Dass er bis zuletzt so gefragt blieb und an einen wirklichen Ruhestand kaum zu denken war, das hat mit seiner außerordentlichen Persönlichkeit zu tun. Christoph Stölzl war er eine beeindruckende Verkörperung des Leitspruches des Jesuiten Acquaviva, „Fortiter in re, suaviter in modo“: Klar und kraftvoll in der Sache und sanft in der Form. So leidenschaftlich und im besten Sinne brennend er war, so sehr er vor Ideen gesprüht hat, so bleibt doch allen, die ihm begegnet sind, seine große Ausgeglichenheit und Unaufgeregtheit in Erinnerung: Ein pointierter, origineller Redner, ein charmanter Unterhalter, aber kein polternder Lautsprecher, kein Wutausbruch, keine Intrigen, niemals das, was man in seiner bayerischen Heimat „Hinterpfotzigkeit“ nennen würde und ein für den Kulturbetrieb bemerkenswert geringes Maß an persönlicher Eitelkeit. Diese eher seltenen Eigenschaften und die Fähigkeit die eigene Person in den Hintergrund zu stellen und sein geradezu unerschütterlicher Optimismus, haben ihn zu einem gefragten Konfliktlöser gemacht, der bis zuletzt in verfahrenen Situationen geholfen hat, „die Kohlen aus dem Feuer“ zu holen. Als das Jüdische Museum 2019 nach einer umstrittenen Jerusalem-Ausstellung in die Kritik und in schwere Fahrwasser geriet, trat er als Mediator auf und beschrieb seine eigene Funktion bezeichnend: „Das ist meine gelebte goldene Regel. Nicht: Hier ist unsere Mission, jetzt geht ihr gelehrter hinaus, sondern gelebter Diskurs.
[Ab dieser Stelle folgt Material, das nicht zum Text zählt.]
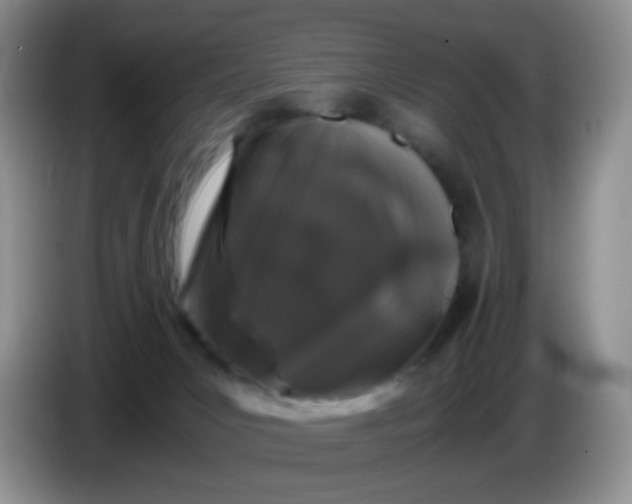 X0000086260031200704122018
Ich entscheide aber nicht. Ich bin eine Art Parlamentär mit der weißen Fahne oder ein Punchingball, Gesprächstherapeut oder Mittler.“
Vielleicht hat Gustav Seibt – auch wenn Christoph Stölzl möglicherweise der kulturpessimistische Grundton dieser Behauptung missfallen hätte - mit der Befürchtung, dass mit diesem enzyklopädisch gebildeten Kulturmanager der Extraklasse eine Epoche mit ins Grab geht, doch recht - wenigstens insofern als Christoph Stölzl jener unmittelbaren Nachkriegsgeneration angehört hat, die mit unstillbarer Neugierde, mit unbremsbarer Schaffenskraft, vor allem aber mit grenzenloser Begeisterungsfähigkeit und Leidenschaft so überaus viel bewegt hat. So oder so: Er wird als Impulsgeber fehlen: Der Konrad-Adenauer-Stiftung, der Stadt Berlin, der deutschen Kulturnation.